Officially, the authorities maintain this is a straightforward murder case. Although I have not followed the matter in detail, I think that the ambiguity of the versions produced throughout the years is suspicious and betrays the presence of political manipulation. This poor woman has ended up at the centre of a struggle between different underground factions. There are many cases similar to this. (Photo: Sakineh Mohammadi Ashtiani in an undated photo handout from Amnesty International)
About this charge, and especially the (momentarily suspended) sentence, the authorities have invoked Islamic legitimation. Sakineh’s case would be included in the hudùd category, which comprises crimes explicitly defined as such in the Koran itself: murder, adultery, theft, slander and alcohol consumption.

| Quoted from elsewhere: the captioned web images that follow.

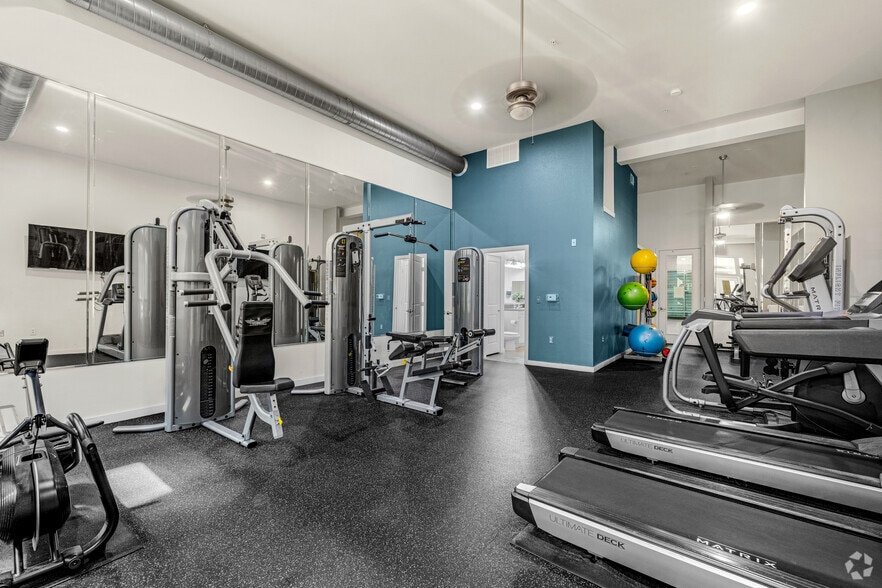 More Photos Of 1403 Slocum St, Dallas Apartments For Lease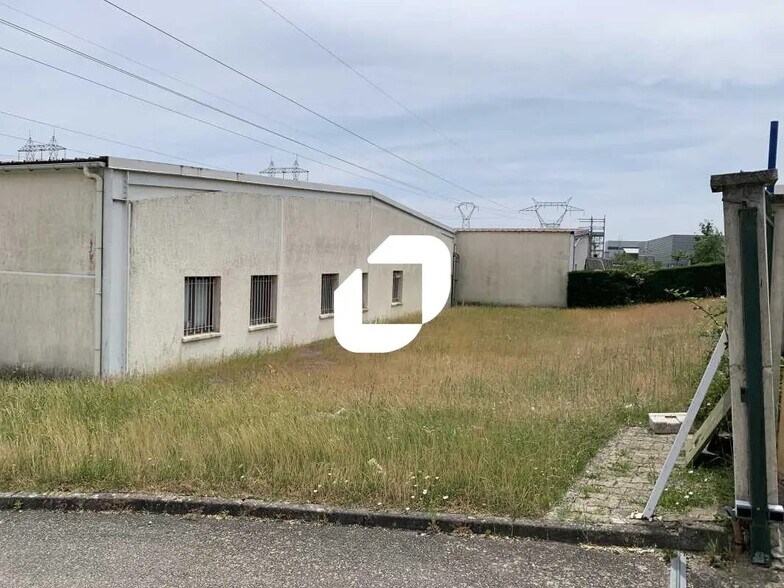 2 Rue Louis Renault, Jonage à louer - Photo du bâtiment - Image 2 de 23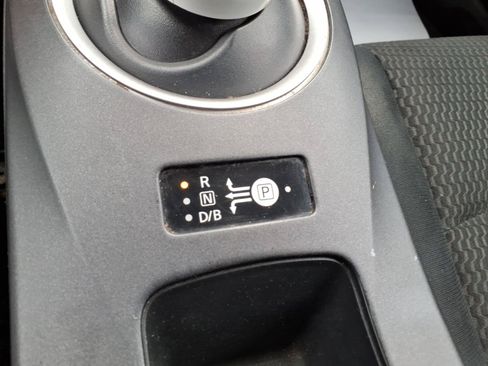 Used 2015 Nissan Leaf S FWD image 24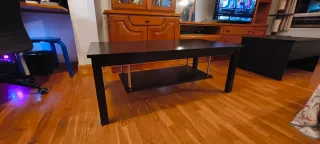 Mesa de centro negra con almacenaje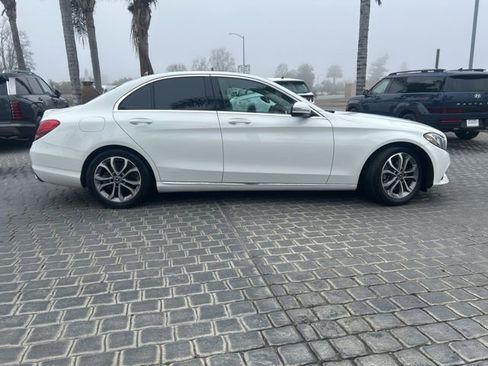 Used 2017 Mercedes-Benz C 300 Sedan image 5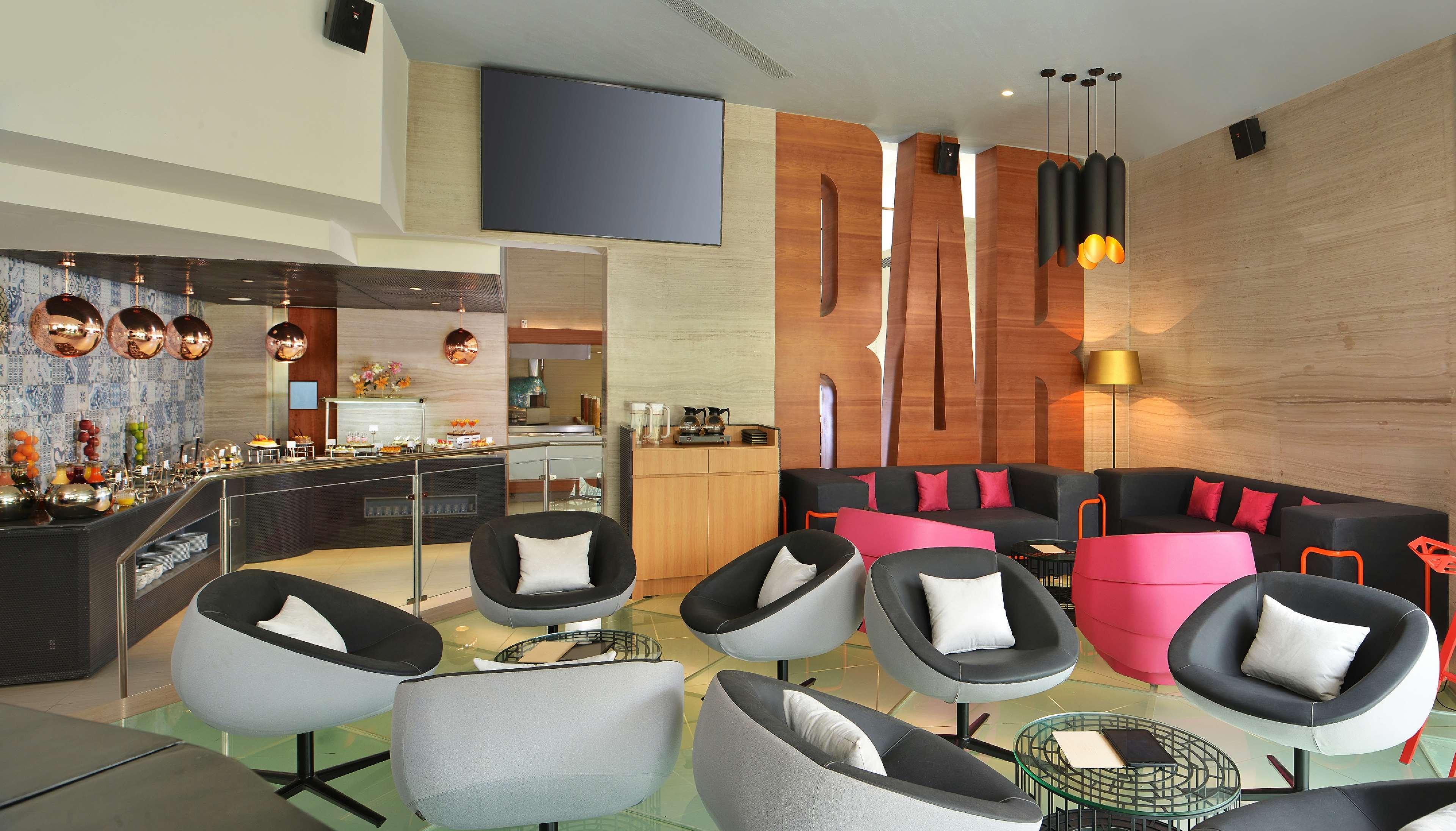 Radisson Center 4* Bangalore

The whole hudùd question is contradictory. To start with, the Koran does not mention stoning for adultery. Besides, traditional norms are very exacting in terms of evidence collecting: they talk about four witnesses who must tell in detail and without contradictions the taking place of the sexual act. The tradition tells of a man who came to accuse himself before the Prophet, and the Prophet thrice over turned his ear to the other side in order not to listen to him. Only the fourth time did he decide to believe the confession that, according to traditional law, must be maintained by the condemned person throughout the execution. In Sakineh’s case, instead, we see an over-eagerness for punishment. Behind this there is a political game.
Even with the important limitations you have mentioned, the hudùd discipline remains problematic.
I certainly am of the opinion that today it is not possible to execute hudùd punishments by law. The punishments are so severe that they require absolute certainty. First of all, the Koran does not give any definition of theft or adultery. Besides, the various law schools have taken different positions about what constitutes evidence, with the result that the same fact can lead to death by stoning in Northern Nigeria and absolution in Sudan — possibly with the accusers being condemned for slander, with relative corporal punishment. But how is it possible for the same event to be dealt with in such different ways? Who is right? I think that the authentically pious position should acknowledge that there is too much disagreement and possibility of error for such punishments to be applied.